Review: NEMO No-Sag Rainfly Launches ‘Osmo’ Material For Dagger 2 Tent
There are a lot of large tents on the market. But the NEMO Dagger Osmo 2P and 3P tents solve the universal problems with a new tent fly material that will make you want to buy this tent right now.
If you’ve ever woken up to a sagging tent fly, even though you swear you’ve tended it, it wasn’t your fault. Your fly, which is nylon, sags at night.
Most double tent roofs are made from lightweight nylon coated with polyurethane. But sinus nylon likes to absorb water, it stretches and is slow to dry.
To tackle these issues, NEMO has developed a composite tent flysheet made from a nylon and polyester weave. The two-tone fabric has a distinctive look, is extremely light and has a clean aesthetic. We received a first glance sample to put together for a camping weekend. Read on for our review of the new NEMO Osmo Dagger 2 tent.
In short: It took NEMO over 100 iterations to perfect their Osmo fabric, and in our testing it’s pretty awesome. Not only did it let in more light than a solid green tent fabric, it also stayed tight and dried quickly. NEMO has made tremendous improvements in waterproofing and stretching, and it hasn’t made any compromises on tensile or tear strength.
As well as adding a great history of durability, this is a big factor in the tent weighing 11 ounces less than the current Dagger 2 but still just as tough.
Review of the NEMO Osmo Dagger 2 tent
When you first set up the tent, you will notice the two-tone strands. The green strands are nylon and the white strands are polyester. This is the wünder material developed by NEMO, what he calls “Osmo”.
Not only is it not stretchy, it also dries faster and is more water repellent. Best of all, Osmo is also 100% recycled and, according to Gabi Rosenbrien, NEMO Product Development Manager, sets a new standard for sustainability. And for those wondering, this fabric meets legislative requirements to be flame retardant without the standard toxic chemicals.
Rosenbrien said it was the first tent without DWR C6, the chemical treatment that promotes beading and rolling of water that has recently been targeted as a bioaccumulative environmental pollutant.
The NEMO Dagger Osmo comes in a new structural rolltop tent bag that is more oval than round.
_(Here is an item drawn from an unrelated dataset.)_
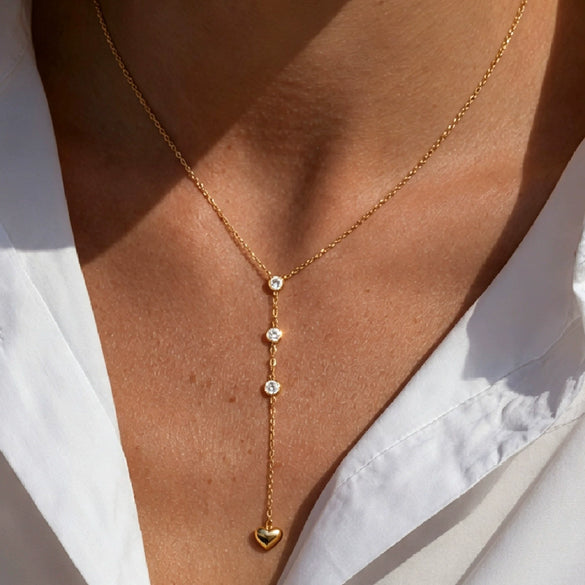 Gold Plated Stainless Steel Heart Geometric Pendant Necklace For Women With Decorative Tassel Detail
It left less dead space when I stuck the tent in a backpack. It also made the tent easier to share when my partner and I shared the weight.
Plus, the bag kept its shape even when I pulled on the sticks. And these poles no longer come in individual plastic bags inside a waterproof fabric pole bag with a tie or strap. NEMO worked with its pole maker, DAC, to get rid of plastic again.
The protective pole bag supplied with all NEMO 2022 tents is now undyed, uncoated and free of excess material. It protects the posts and helps spread the story of the Little Post Bag – that NEMO and DAC are working to eliminate 100,000 plastic bags.
In production, the Dagger’s pole bag uses zero water (for dyeing), 100% recycled polyester and 1.6 recycled bottles. The end is sewn into a flap to keep the posts inside.
When I first pitched the tent, and then went in, I actually exclaimed, “Yes! When I discovered NEMO’s new one-handed Gatekeeper Clip, a toggle that keeps the fly back. No more toggle and loop. Instead, NEMO uses a claw-like clip that grips the seesaw – and it’s a one-handed affair.
The tent door opens with two separate zippers, one that opens horizontally and one that opens diagonally. By using two zippers instead of one, NEMO has built a door that is easier to open and won’t snag. The design takes the stress out of the zipper where it needs a rounded corner, which is where a lot of zipper breakouts happen.
The Landing Zone tent received another serious sniff of approval from me. It’s great to have room in the vestibule, but when I leave gear in my vestibule it inevitably becomes sandy, muddy, or wet because it’s in contact with the ground.
The Landing Zone removable bucket base provides a waterproof, clean and dry base positioned under the flysheet of the tent. It was protected enough to hold electronics, a bag or whatever I wanted outside the tent. It extended the weather protected area of the tent without encroaching on my living space.
Snuggled up in my sleeping bag, I discovered another great invention from NEMO. The Dagger Osmo has a “Nightlight” light diffusing pocket. So instead of a blinding beam of light around the tent when I hung my headlamp from a clip at the top of the tent, I could slip it into a pocket. It turned my blinding white headlight beam into a more relaxing glow for the day.
At 3 pounds 3 ounces, the Dagger 2 single-hub tent isn’t the lightest backpacking tent. But it’s extremely livable, a tent that I would take on a hike and a tent that I would use for basic camping. It’s roomy and light, and while lighter typically means more expensive, in this case, the Osmo Dagger 2 is priced on par with the current Dagger 2 (starting at $ 430).
Unfortunately, you cannot buy yours yet. The Dagger Osmo 2 and Dagger Osmo 3 will be available in Spring 2022.